The first story, “Queen Victoria’s Book of Spells” by Delia Sherman, is an exception among the stories: it's not set in the Victorian times. Instead, a man who specializes in decoding encryption spells is given Queen Victoria's spell book. Underneath the more mundane entries of everyday spells, he finds Victoria's intimate diary, which starts when she's just fourteen years old.
In “The Fairy Enterprise” by Jeffrey Ford, a hardhearted industrialist dreams about fairies and realizes that he could make money off them.
“From the Catalogue of the Pavilion of the Uncanny and Marvelous, Scheduled
for Premiere at the Great Exhibition (Before the Fire)” by Genevieve Valentine
is a collection of letters, journal entries, and pamphlets telling what happened behind the scenes before the fire
that burned down part of the Great Exhibition.
In “The Memory Book” by Maureen McHugh, the Finch family get a new governess, Laura Anne, who comes from a much poorer family and is determined not to return there.
The next story is “La Reine D’Enfer” by Kathe Koja. Handsome male prostitute Pearlie also works as a spy to Davey, his pimp. Then Pearlie meets a man who writes plays.
He starts to dream about becoming an actor and leaving his current life, but Davey has no intention of letting him go.
“For the Briar Rose” by Elizabeth Wein centers on Margaret Burne-Jones and her relationship with her famous painter father, Edward Burne-Jones. Edward has difficulties accepting that his little girl is growing up, and Margaret wants to do something more with her life than what is traditionally
a woman's lot.
The next story is “The Governess” by Elizabeth Bear. Annabelle Reed is a new governess to an upper-class family's three children. She soon finds out that the family has some strange and dangerous secrets.

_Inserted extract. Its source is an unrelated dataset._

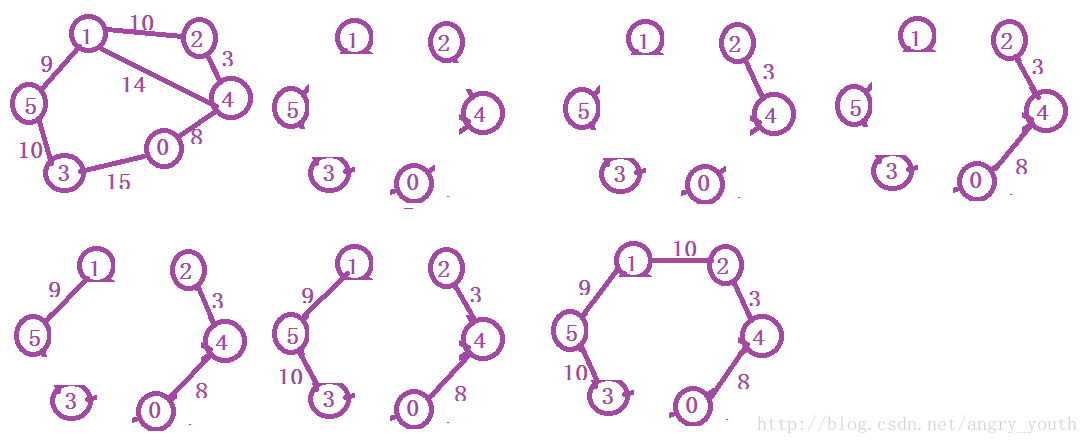 这里写图片描述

James P. Blaylock sets “Smithfield” in London as the gas lamps on street corners are being exchanged for the new electrical lamps. The main character wants to photograph those final days in gaslight and gets more than he expected.
“The Unwanted Women of Surrey” by Kaaron Warren is set in a house into which upper-class women have been shut for various reasons, but mostly because their husbands don't want them anymore and the women have to be out of sight.

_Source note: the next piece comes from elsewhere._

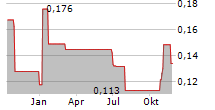 VANTIVA SA Chart 1 Jahr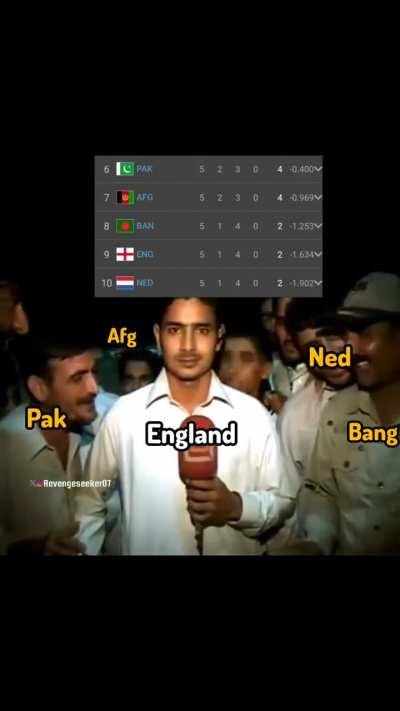 A new atmosphere for Eng.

One of the women does not simply accept her fate.
The main character in “Charged” by Leanna Renee Hieber is struck by lighting, and after that he is able to command electricity. With that gift, he is able to run from his abusive home.
In “Mr. Splitfoot” by Dale Bailey, the main character is Maggie Fox, who claimed that she and her sisters were able to communicate with the spirits. Now her sisters are dead, and Maggie is remembering her life.
“Phosphorus” by Veronica Schanoes is a heart-wrenching story of a girl who works in a factory making matches.
Conditions are hard, and many of the girls are poisoned by the phosphorus. They
call a strike to better their working conditions. The main character has the Phossy Jaw, and she feels like she's rotting on the inside.
“We Without Us Were Shadows” by Catherynne M. Valente centers on the Bronte siblings when they are just children,
dreaming up wild worlds and bloody battles. Then one day they see a man made of books and decide to follow him.
“The Vital Importance of the Superficial” by Ellen Kushner and Caroline Stevermer is written in letters. Charlotte Fleming's family was having a dinner party when her father's experiment misfired and his guests had to leave quickly.
One of the guests left something behind which starts an alarming series of events.
“The Jewel in the Toad Queen’s Crown” by Jane Yolen centers on old Queen Victoria and her Prime Minister, Mr. Disraeli. The Queen doesn't care for Mr. Disraeli, and he has plans of his own.
“A Few Twigs He Left Behind” by Gregory Maguire is a continuation of Charles Dickens'
A Christmas Carol. Scrooge's experiences with the three ghosts have mellowed him to the point that he has married and has children. He has also spread his wealth to the poor,
but now Scrooge has died on Christmas Day, leaving behind two young orphan children.
“Their Monstrous Minds” by Tanith Lee is a retelling of Frankenstein.
“Estella Saves the Village” by Theodora Goss is set in a small village where Miss Havisham and her young adopted daughter, Estelle, live along with Mrs. D'Urberville, and Mr. and Mrs. Holmes. Estelle notices
one day that strange black spots are appearing everywhere, and she's the only one who sees them.
Most of the stories here are enjoyable, but few stand out.